WORK TO COMPLETE: From the first line to the last, transcribe the data exactly and skip the pictures.

RECORDS FOR THIS TASK:
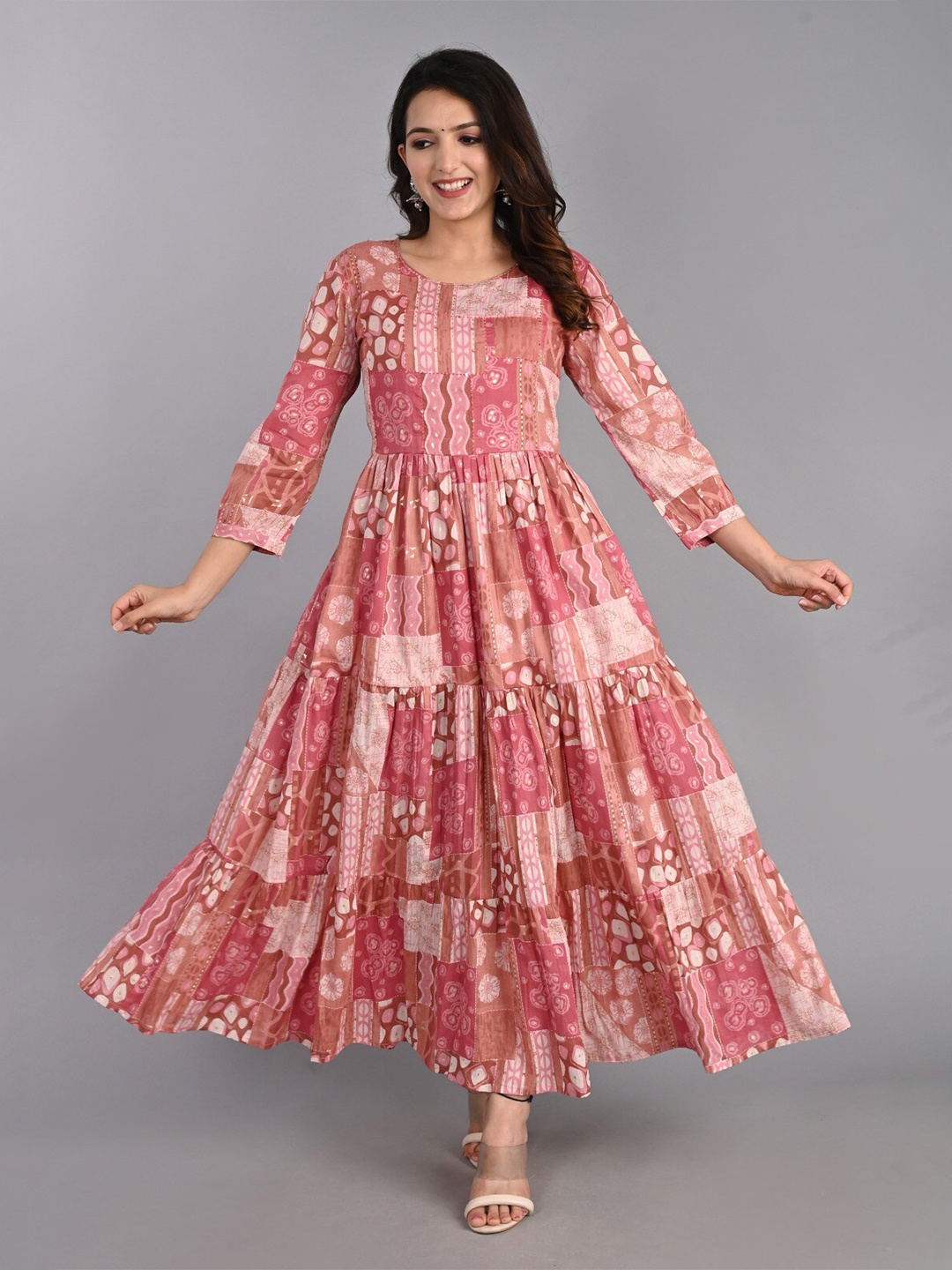 

Do Dhaage Abstract Printed Embroidered Fit & Flare Maxi Ethnic Dress, Pink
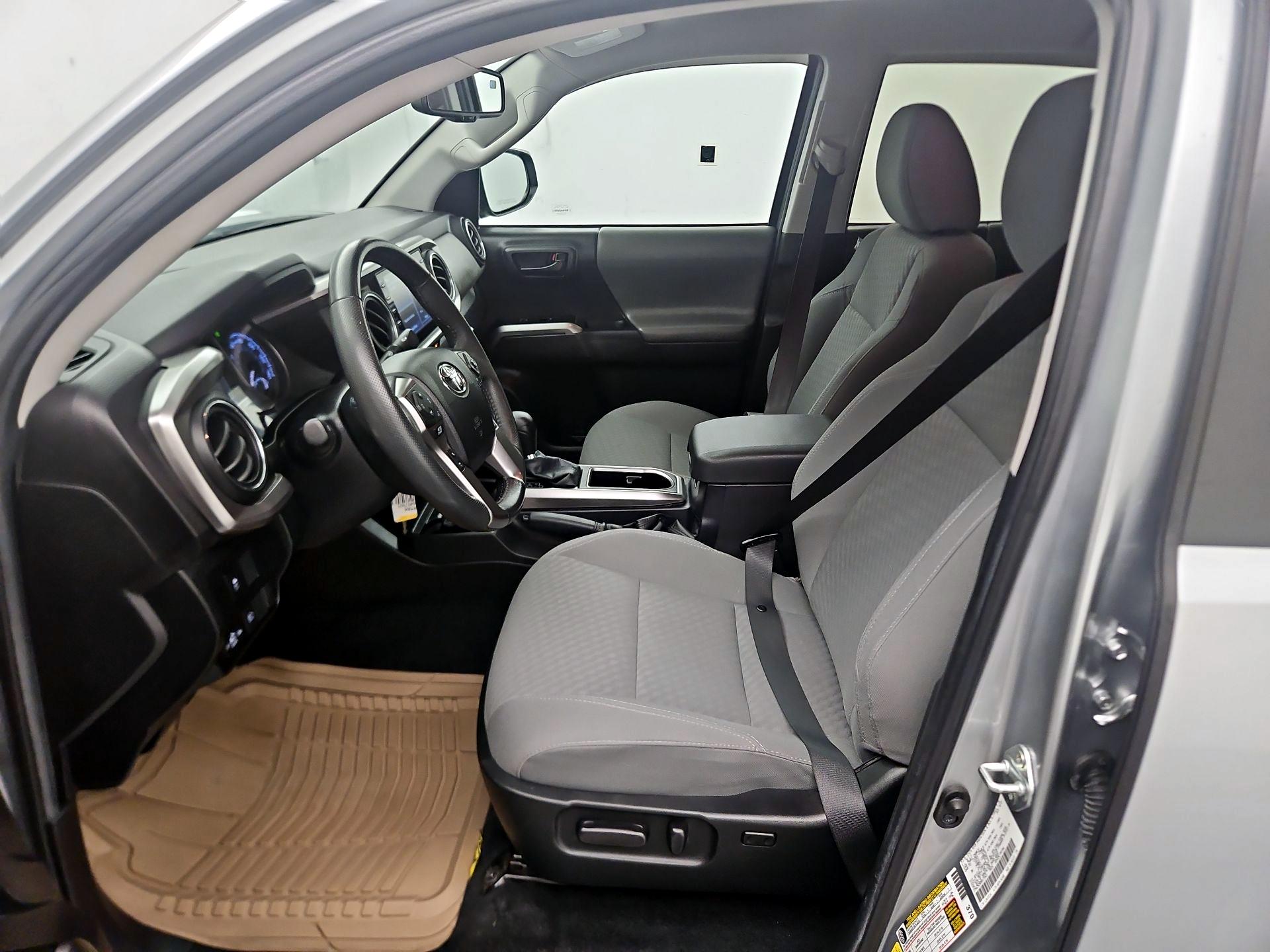 Thumbnail: 2022 Toyota Tacoma - 11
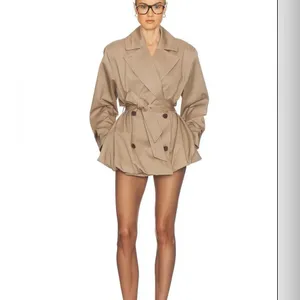Helsa Short Bubble Hem Trench in Stone S thumbnail 3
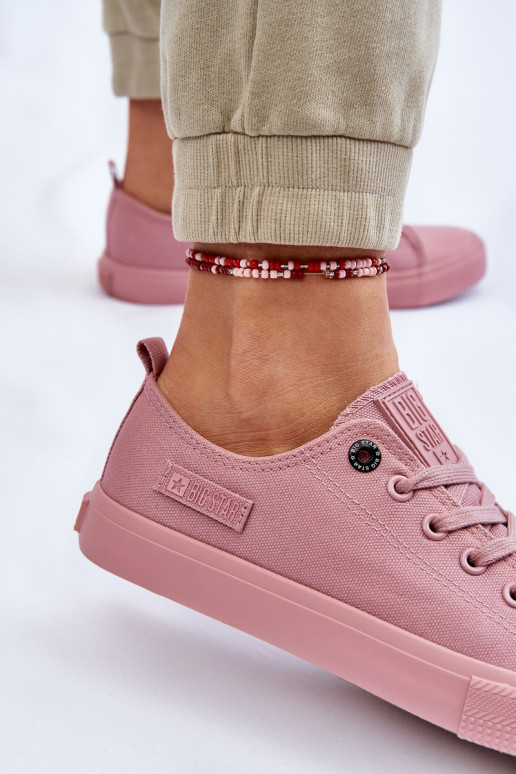 Klassikalise mudeli madalad tennised... Klassikalise mudeli madalad tennised...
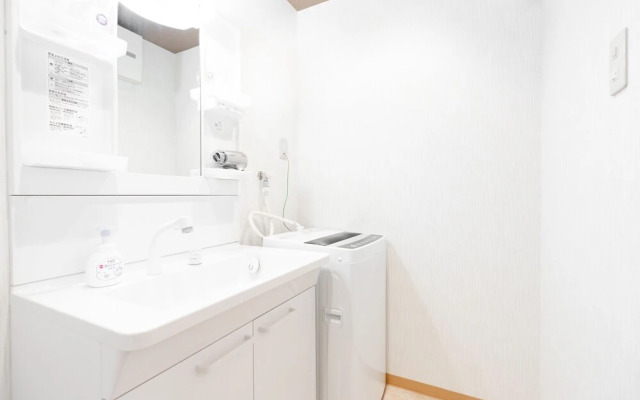 Tsuru INN Shinsaibashi DZ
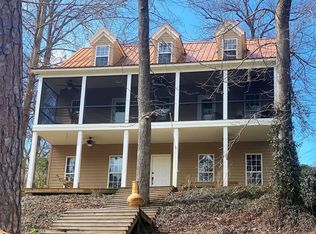 28 Walnut Ln, Deatsville, AL 36022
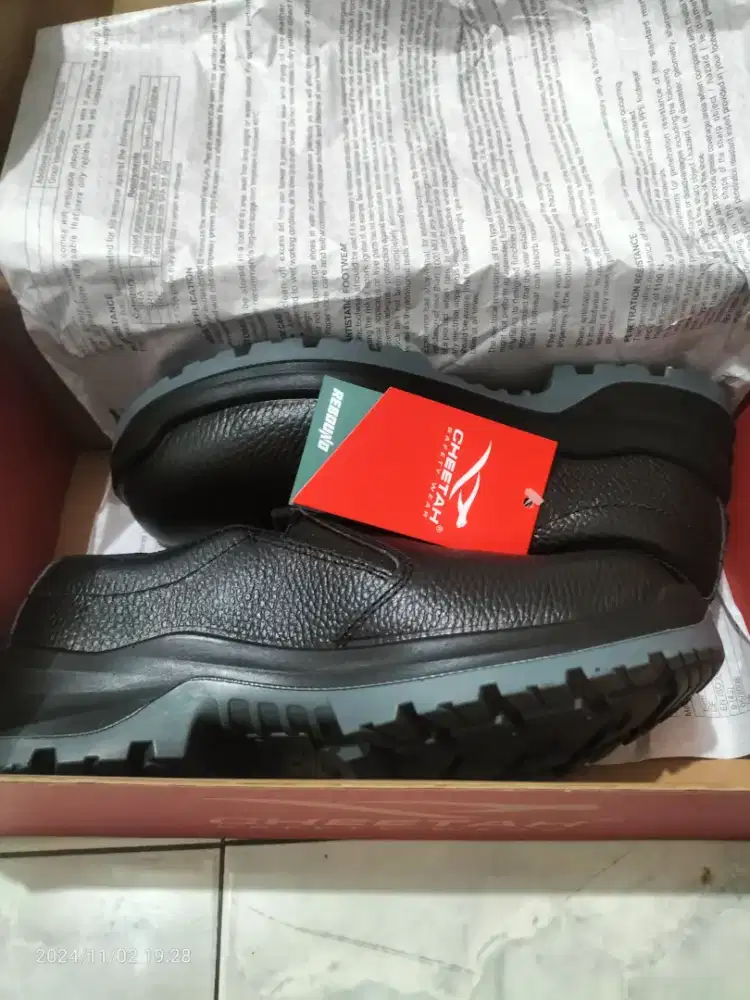 Sepatu safety merk cheetah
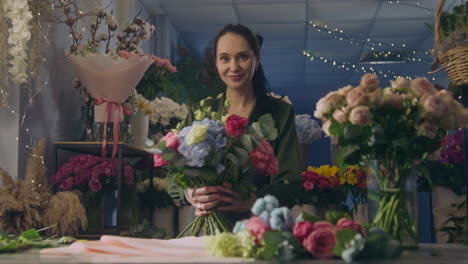 Die-Floristin-Hält-Einen-Schönen-Blumenstrauß-In-Den-Händen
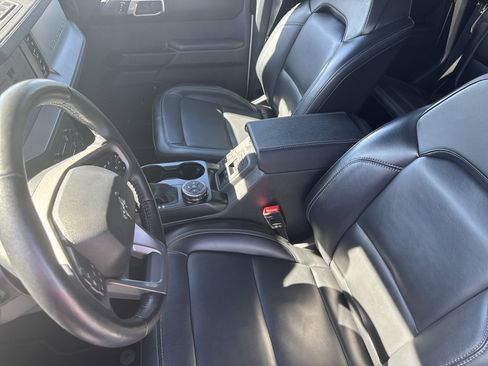 Certified 2025 Ford Bronco Outer Banks AWD/4WD image 9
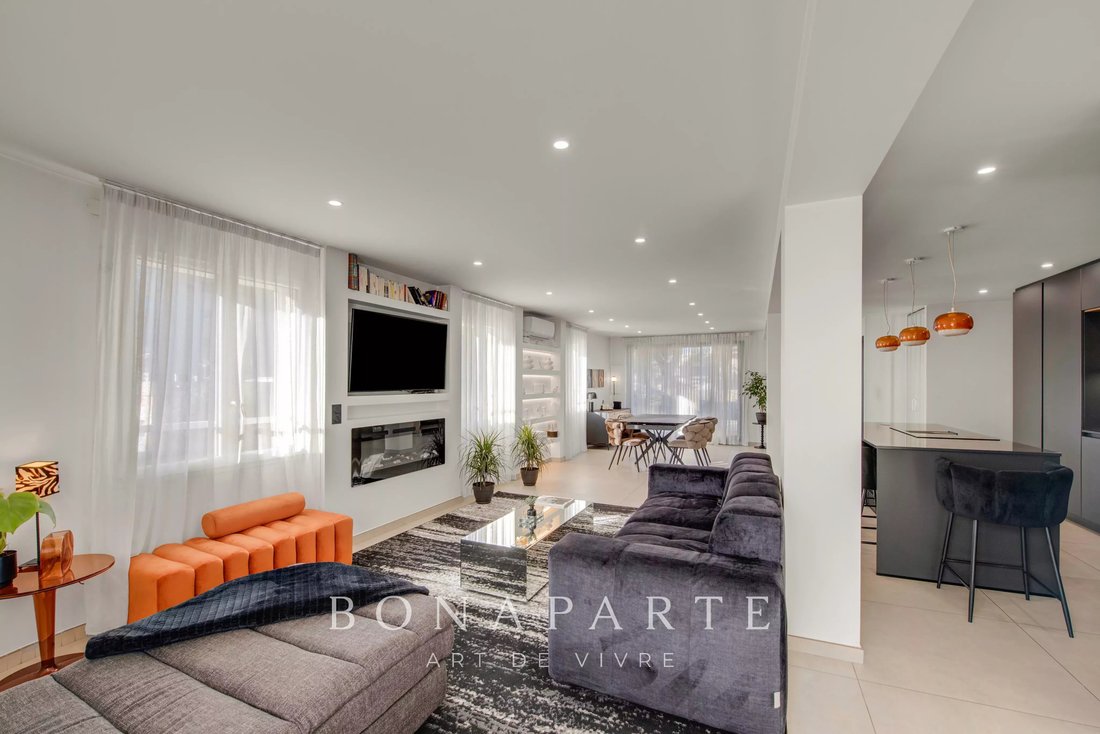 Apartment in Aiguebonne, Saint-Raphaël, France 2 - 17099971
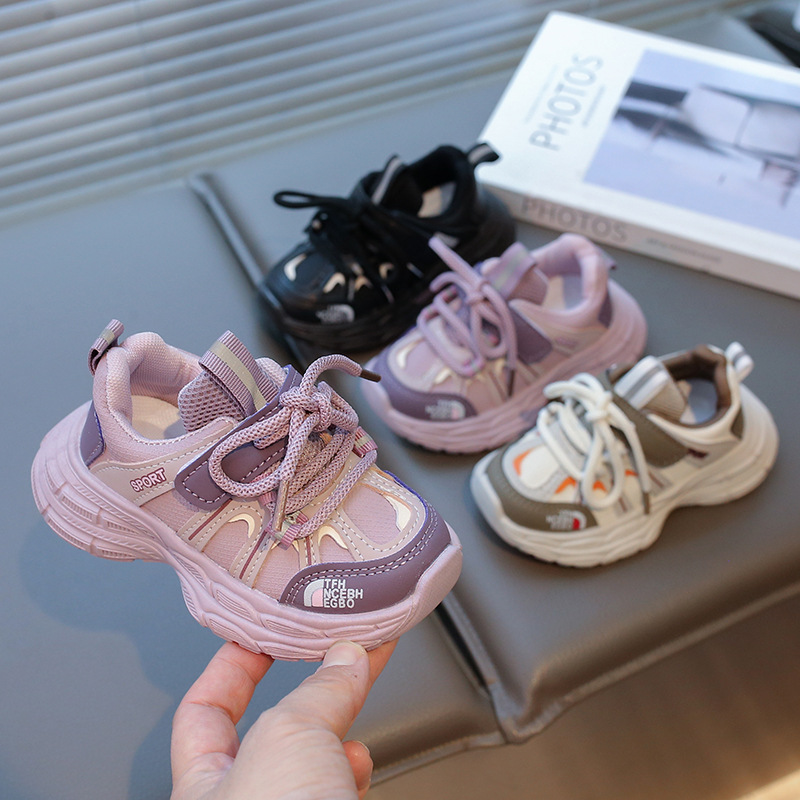 Zapatos deportivos infantiles primavera y otoño nuevos niños de moda versátil zapatos de papá chicas ligeras con suela suave zapatos de carrera casuales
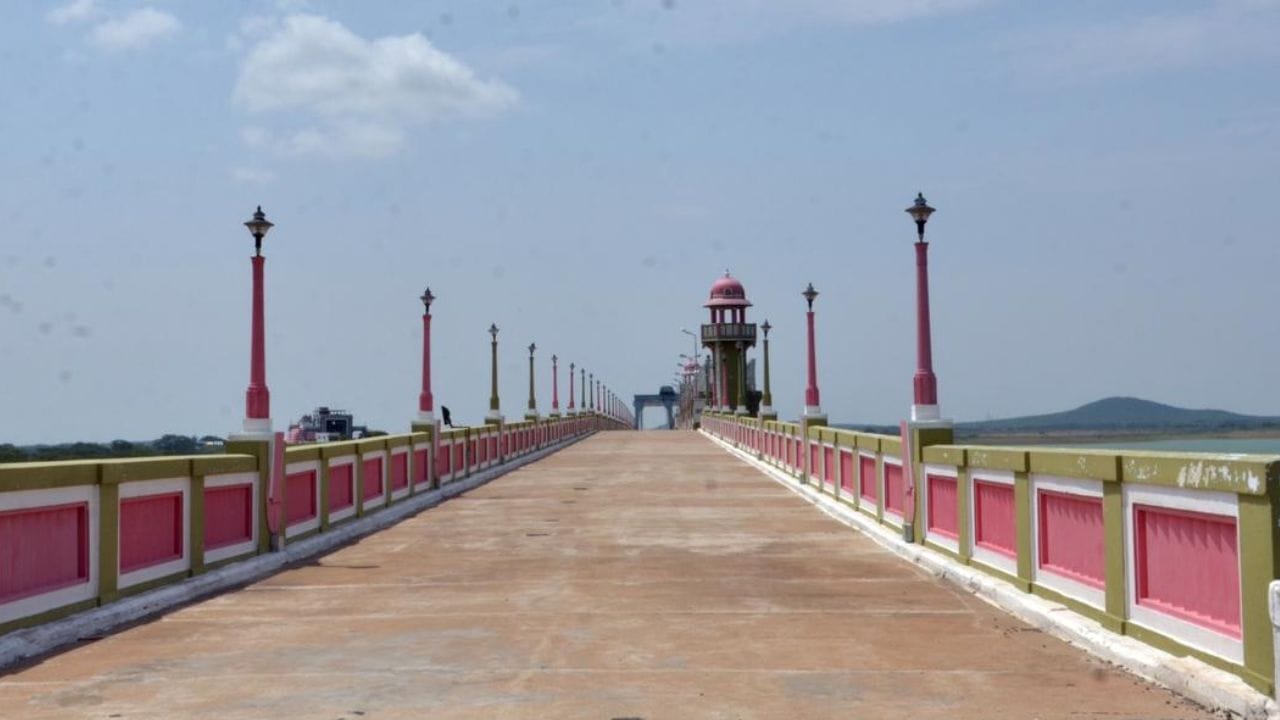 தமிழகத்தில் சுற்றி பார்ப்பதற்கு பல்வேறு சுற்றுலா தலங்கள் உள்ளன. இதில், சிறந்த சுற்றுலாத் தலங்களில் ஒன்றாக விளங்கி வருவது ஈரோடு மாவட்டத்தில் அமைந்துள்ள திம்பம் மலைப்பகுதியாகும். தமிழகம் - கர்நாடகம் மாநில எல்லையில் அமைந்துள்ள இந்த திம்பம் மலையானது மேற்கு தொடர்ச்சி மலை தொடரில் அமைந்துள்ளது. கடல் மட்டத்தில் இருந்து சுமார் 1,100 மீட்டர் உயரத்தில் அமைந்துள்ள இந்த மலையில் எந்த காலத்திலும் குளிர்ச்சியான சீதோஷ்ண நிலை காணப்படும். இதனால், இங்கு சுற்றுலா செல்வதற்கு ஏற்ற இடம் ஆகும்.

SOLUTION FOR THIS PROBLEM:
Do Dhaage Abstract Printed Embroidered Fit & Flare Maxi Ethnic Dress, Pink
 Thumbnail: 2022 Toyota Tacoma - 11
Helsa Short Bubble Hem Trench in Stone S thumbnail 3
 Klassikalise mudeli madalad tennised... Klassikalise mudeli madalad tennised...
 Tsuru INN Shinsaibashi DZ
 28 Walnut Ln, Deatsville, AL 36022
 Sepatu safety merk cheetah
 Die-Floristin-Hält-Einen-Schönen-Blumenstrauß-In-Den-Händen
 Certified 2025 Ford Bronco Outer Banks AWD/4WD image 9
 Apartment in Aiguebonne, Saint-Raphaël, France 2 - 17099971
 Zapatos deportivos infantiles primavera y otoño nuevos niños de moda versátil zapatos de papá chicas ligeras con suela suave zapatos de carrera casuales
 தமிழகத்தில் சுற்றி பார்ப்பதற்கு பல்வேறு சுற்றுலா தலங்கள் உள்ளன. இதில், சிறந்த சுற்றுலாத் தலங்களில் ஒன்றாக விளங்கி வருவது ஈரோடு மாவட்டத்தில் அமைந்துள்ள திம்பம் மலைப்பகுதியாகும். தமிழகம் - கர்நாடகம் மாநில எல்லையில் அமைந்துள்ள இந்த திம்பம் மலையானது மேற்கு தொடர்ச்சி மலை தொடரில் அமைந்துள்ளது. கடல் மட்டத்தில் இருந்து சுமார் 1,100 மீட்டர் உயரத்தில் அமைந்துள்ள இந்த மலையில் எந்த காலத்திலும் குளிர்ச்சியான சீதோஷ்ண நிலை காணப்படும். இதனால், இங்கு சுற்றுலா செல்வதற்கு ஏற்ற இடம் ஆகும்.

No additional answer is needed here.